Being down by only 4 qualifies as “redder”. Im not saying that NJ is an any danger of going red, or is even going to be more friendly to Republicans going forward. I’m just arguing that the result of one race means nothing.

It mean nothing in 2009, I think we’d all agree on that, wouldn’t we?

He “survived” by having this President campaign for him. There’s no reason to believe that McAuliffe’s association with the President hurt him in any way- people who didn’t like the President (from the right) were already unlikely to vote for him.

Then explain how an easy win turned into a nailbiter.

It was never going to be an easy win. There was a brief spike during the shutdown, and maybe a few outlier polls, but for the most part he had a moderate lead the whole time. If this was a few points closer, than that’s interesting (and from what I’ve read, this appears to be due to the instability of a third party candidate getting more than marginal support), but it’s not an indication of some great weakness. McAuliffe is a bad candidate who most Democrats don’t like- and he still beat the Republican because he was even worse. If it’s a sign of anything, it’s a sign that the Republicans are unable to put electable candidates up for office, in many elections.
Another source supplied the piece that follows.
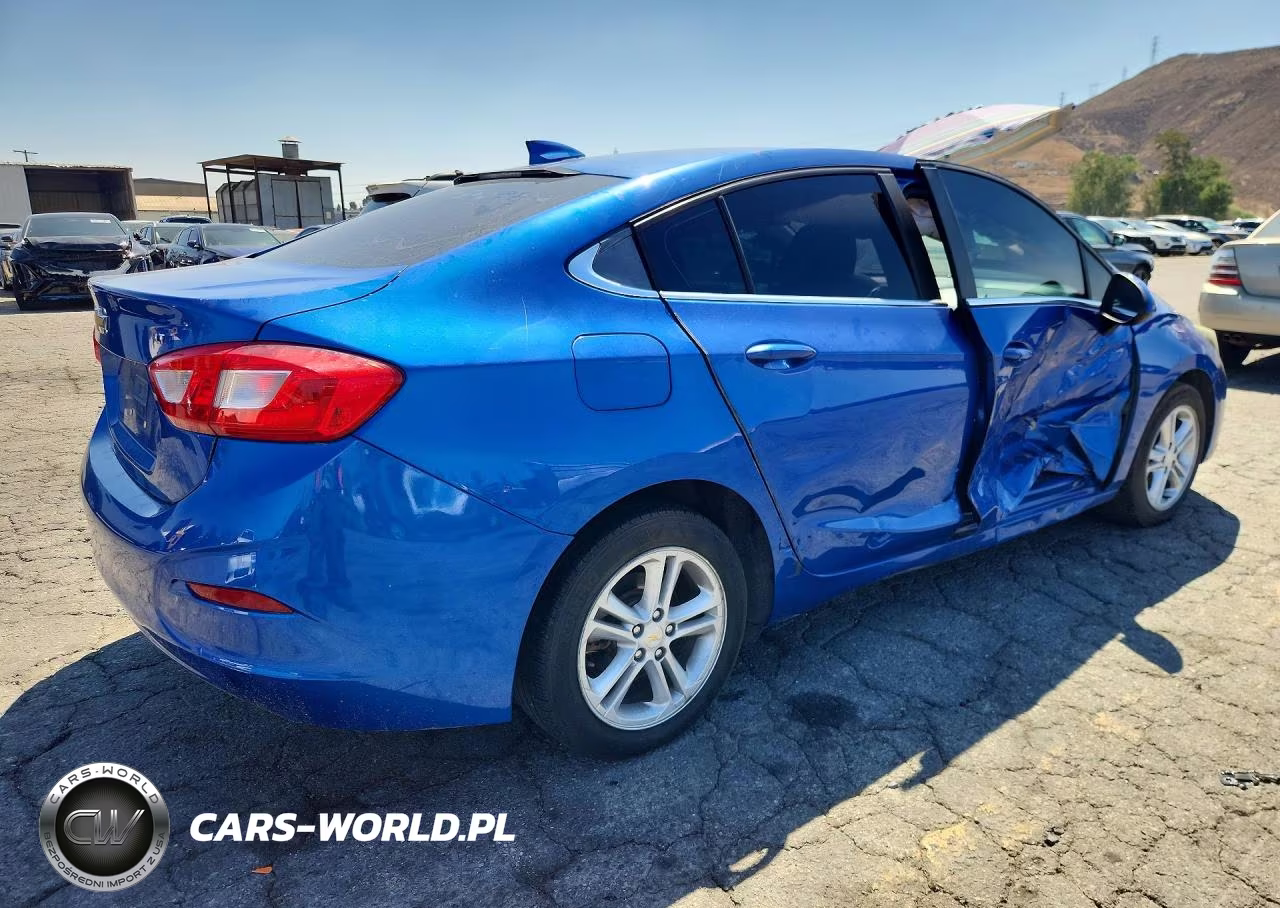2017 Chevrolet Cruze Lt VIN:1G1BE5SM9H7101704 - 3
Now we agree. However, if Democrats are counting on that to happen, that’s not exactly a winning strategy. Sounds like 2014 is going to be a lot of “Run away from Obamacare, hope Republicans nominate extreme candidates”.

I am a little confused. Are you arguing that the result of the race in NJ means nothing, but the result in Virginia means something?

Obamacare had very little to do with this election. Virginia voters’ opinions about the ACA mirror the country at large- a slight majority disapprove of the ACA, but far more people want to fix it than kill it.

The ACA approval ratings have not significantly changed in the last few weeks, surprisingly enough. Cuccinelli bragged that he was the first AG to not allow the ACA exchanges into his state- and that backfired.

If it had anything to do with the election, it was this- as was shown in the shutdown, and repeated in this election, no-holds-barred opposition to the ACA is a political loser.

I will predict that Republicans will somehow try to take credit for the success of Obamacare in 2014.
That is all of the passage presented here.